The receptivity principle means don’t overteach. Don’t try to show the beauties of the temple to those who are not in the temple. Jesus became “expert in the divine art of revealing his Paradise Father to all ages and stages of mortal creatures.” [127:6.15, 1405.7] Thus, we normally make sure that someone has joined the spiritual family of God before we introduce The Urantia Book.

  1. Now we are ready for level six, the spiritual level: to treat others with Fatherly love, as Jesus would treat them.

Jesus usually expressed love with patience and gentleness; but sometimes his messengers needed needed more power. At Archelais, he spoke with great earnestness, saying, “Even divine love has its severe disciplines.” [143:1.4, 1608.1]. After his impassioned preaching, their message immediately took on “a new note of courageous dominance,” [143:1.9, 1609.1] and they acquired “the spirit of positive aggression in the new gospel.” [143:1.9, 1609.1]

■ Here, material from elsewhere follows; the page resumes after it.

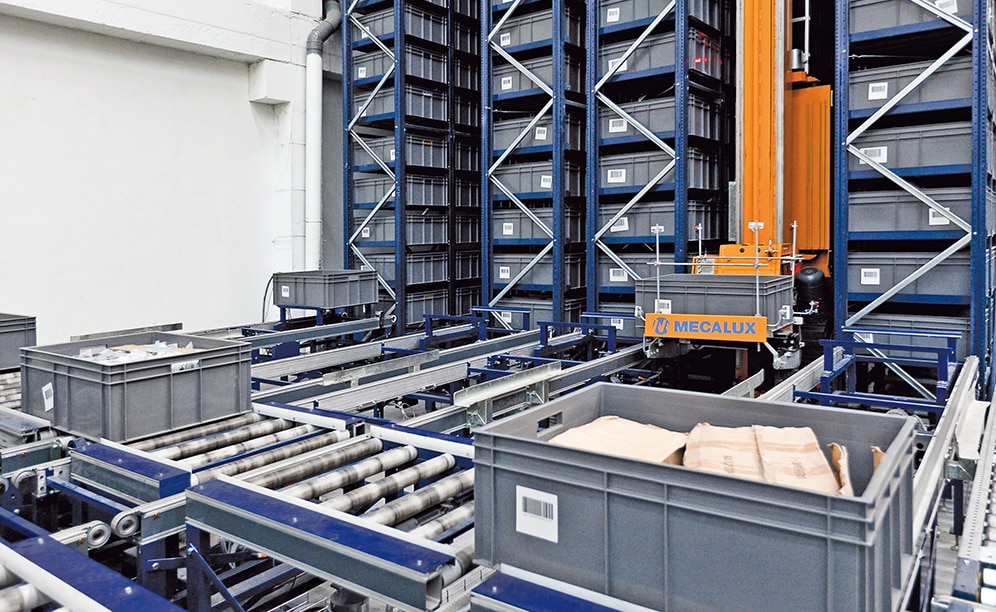 The miniload installation has a conveyor with double recirculation that supplies boxes to the two picking stations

Fleeing through northern Galilee, they needed another injection of power, and at one point he sharply criticized them, not in anger and contempt, but in the dyamism of true religion.

How much of this applies to us?

“You who have professed entrance into the kingdom of heaven are altogether too vacillating and indefinite in your teaching conduct. If you desire to enter the kingdom, why do you not take it by spiritual assault even as the heathen take a city they lay siege to? You are hardly worthy of the kingdom when your service consists so largely in an attitude of regretting the past, whining over the present, and vainly hoping for the future. Why do the heathen rage? Because they know not the truth. Why do you languish in futile yearning? Because you obey not the truth. Cease your useless yearning and go forth bravely doing that which concerns the establishment of the kingdom.” [Paper 155:1.3, page 1725.4]

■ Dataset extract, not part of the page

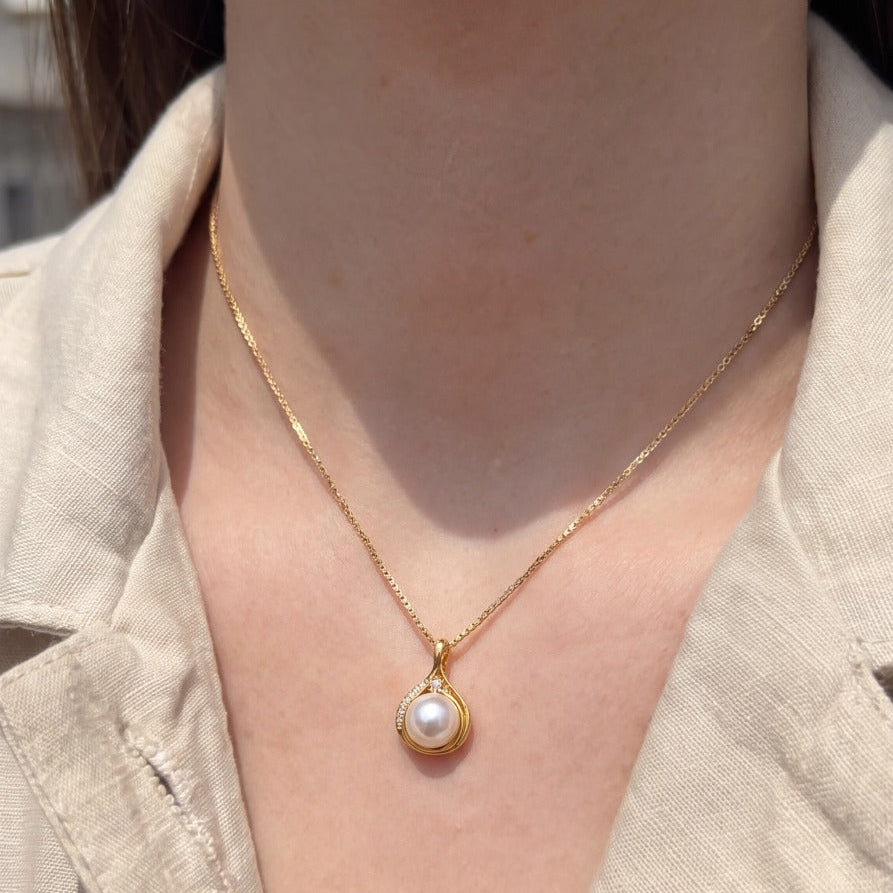 Gorgeous Unique Design Gold Plated Pearl Pendant for Girls/Women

Shall we obey Jesus’ call to join the gospel movement? The Urantia Book movement is not the same as the gospel movement.

Divine love will lead us through every difficulty. The ecological crisis makes it hard to believe in evolutionary progress toward a high destiny. The suffering of immigrants and refugees and their host communities makes many people wonder where God is. Social, economic, and political tensions make it difficult to believe in the brotherhood of man. And secularist hostility and other factors makes it tough to communicate the Fatherhood of God.

We do not know how violent the storms that are brewing will become. And we do not know when the spiritual renaissance will blossom forth. But we shall “depend wholly on Jesus for safe conduct throughout the unrevealed vicissitudes” [120:1.3, 1325.5], of the 21st century. He said, “In the gospel of the kingdom there resides the mighty Spirit of Truth.” [178:1.6, 1930.3]. There’s the power we need in order to proclaim by how we live and what we say.

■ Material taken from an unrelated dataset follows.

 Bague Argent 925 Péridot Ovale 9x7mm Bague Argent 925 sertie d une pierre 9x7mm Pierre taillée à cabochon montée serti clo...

Our lives rise to the level of proclaiming when we receive and return the love of the Father, and reveal it to others, and thus to the Supreme. Feel supremacy in this final quote. The Spirit of Truth endows

…mortal man with the power to forgive personal injuries, to keep sweet in the midst of the gravest injustice, to remain unmoved in the face of appalling danger, and to challenge the evils of hate and anger by the fearless acts of love and forbearance. [Paper 194:3.12, page 2064.4].

Are you ready? Let’s learn this together!

Now, in your group discussion I ask you to do three things. First on your sheet of paper, on the right side, list difficulties that we have in proclaiming. Second, on the left side, list teachings of Jesus that address these difficulties. And third, discuss how these teachings minister to those difficulties.

Thank you for cooperating in the Spirit of Truth!